Does Pawar know his onions?
Prime Minister Manmohan Singh clearly thinks Union Agriculture Minister Sharad Pawar is his best minister. But many of his party men are not so easily convinced.
One Congress veteran has a power point presentation from the time Pawar became agriculture minister to show how every statement of his works as a code for his crony capitalist friends – traders then accordingly hoard or sell and prices go up and down in unerring fashion.
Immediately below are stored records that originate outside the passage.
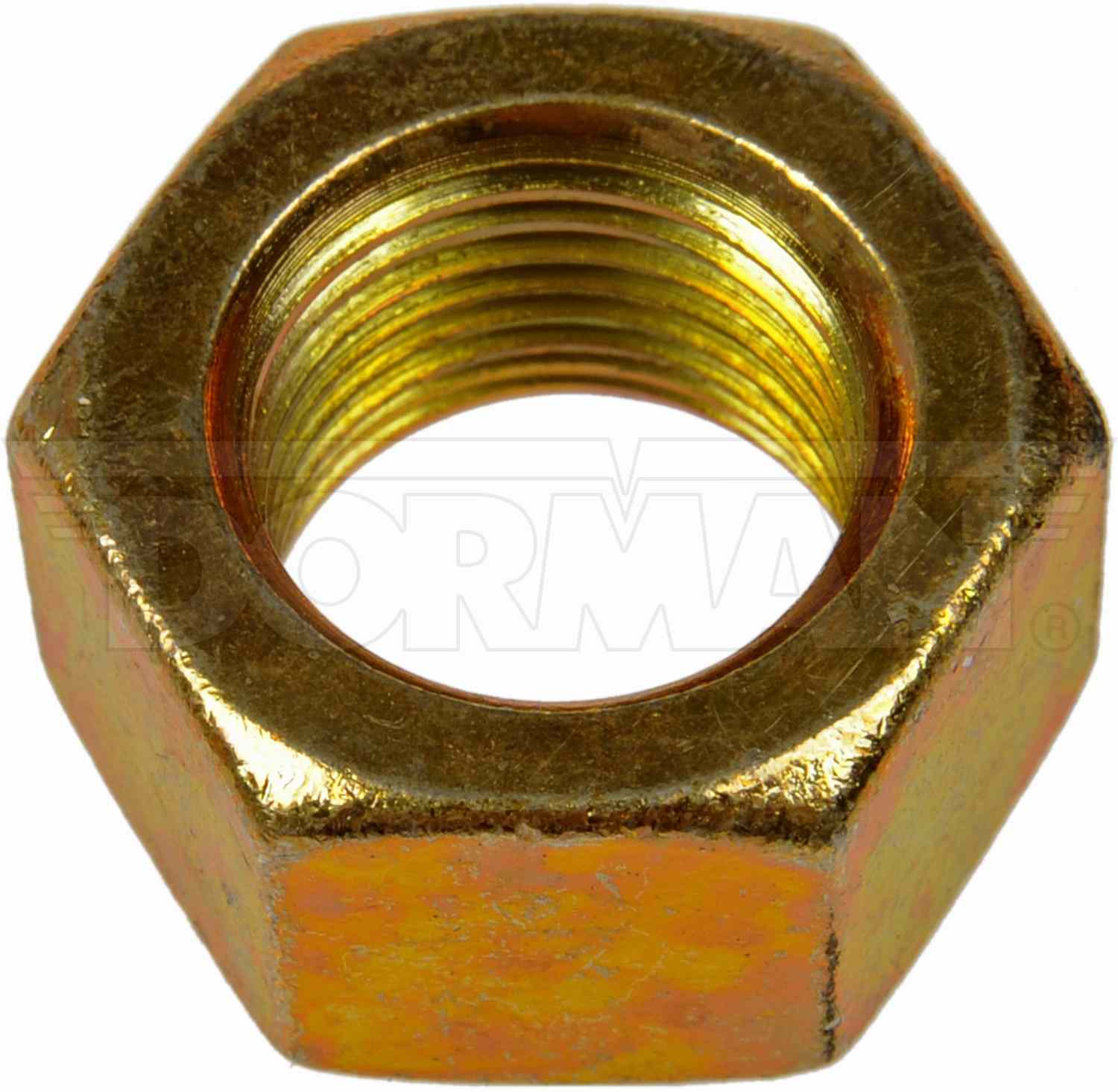 Dorman - Autograde HEX NUT 867-016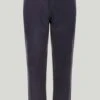Navy Chino Trouser -EWM Store 59533pvl 691fdec8e9968f9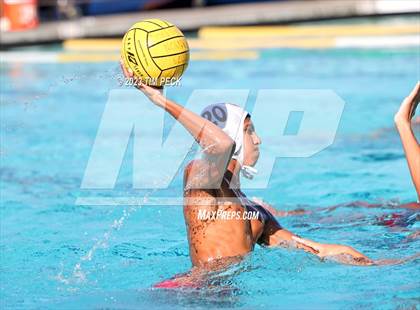 Thumbnail 3 in Yorba Linda @ Canyon photogallery.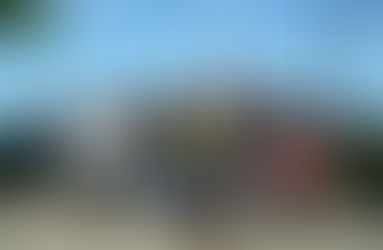 A pestújhelyi dinamikusok évadnyitó koncertje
I am told the Prime Minister would not entertain this Congressman but I am beginning to wonder if this Doubting Thomas is not right after all. Pawar’s recent statement to let onion prices rise as much as they do for they ultimately benefit the poor farmer is as bizarre as his earlier statements – that prices of wheat were rising because south and north east Indians were beginning to eat more chappatis, that even mother’s milk is adulterated, etc.
He gets away with them because none of us bother to check out the basic realities of the situation. Pawar could be right about farmers benefiting from rising food prices but that almost never happens in practical terms.
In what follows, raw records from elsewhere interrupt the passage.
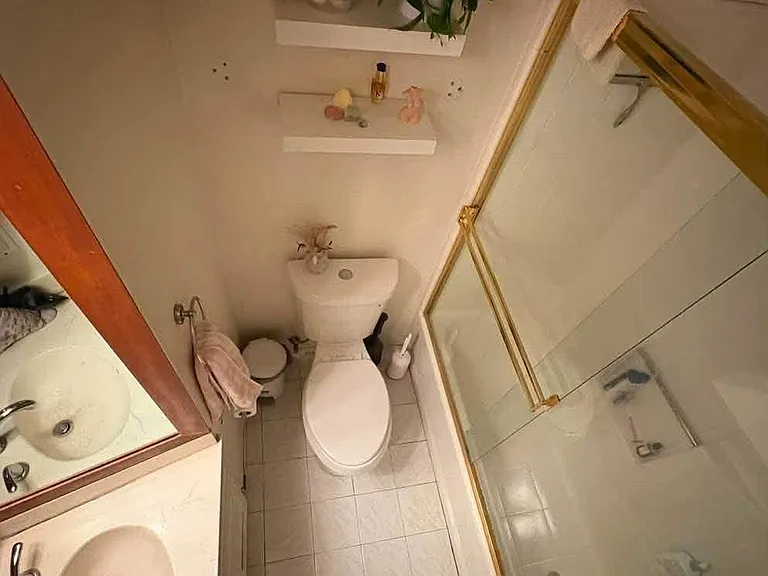 11417 Culver Blvd #3A — Photo 6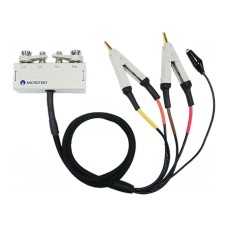 Akces.pom: adapter testowy MICROTEST FX-LR0002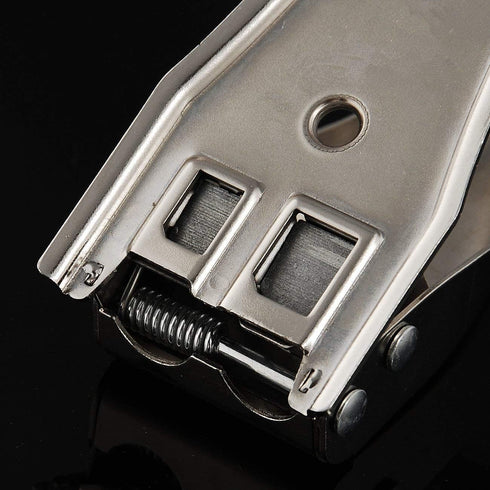 HIYITKS 2-in-1 3 Adapters&1 Sim Card Cutter, Micro SIM/Nano SIM Card Cutter, Cutting SIM Card Standard to Micro/Micro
If farmers were to really benefit, then we would have to eliminate the middlemen and in this instance it is the onion traders rather than the farmers who have been making a neat profit for the past several weeks – farmers are still disposing off their stock at distress prices and consumers are paying more than three times they would have under normal circumstances.
Recently at a private meeting, one of Pawar’s closest supporters told some reporters that Pawar had never wanted the big four portfolios in the UPA – home, defence, finance and external affairs for “you can do nothing with these portfolios to benefit the people.”
By that, I am sure, he meant that except perhaps for defence no ministry could have been milked to full benefit but defence would never have been handed to an ally anyway. I am also told that Rahul Gandhi considers that the NCP completely destroyed the civil aviation sector and particularly Air India by once again benefitting their own friends and safeguarding their personal interests in that direction.
He had begun to suspect that Pawar was up to no good either. That’s why the agriculture ministry was bifurcated and the department of food handed over to a Congressman who would act as a check and balance between Pawar’s shenanigans and the Congress’s own interests.
What Gandhi may not know is that the agriculture ministry has the maximum number of corporations attached to it and they all generate trader interest – no wonder prices of food commodities produced in Maharashtra in large measure – like onions and sugar for example – have been steadily rising and falling and then rising again over the past decade.
It is galling to Pawar that he is given less importance by the UPA than he thinks is his due as one of the closest allies of the Congress. But what his supporters fail to mention is that Pawar really has no alternative but to be friends with the Congress for he will be decimated without support from Sonia Gandhi.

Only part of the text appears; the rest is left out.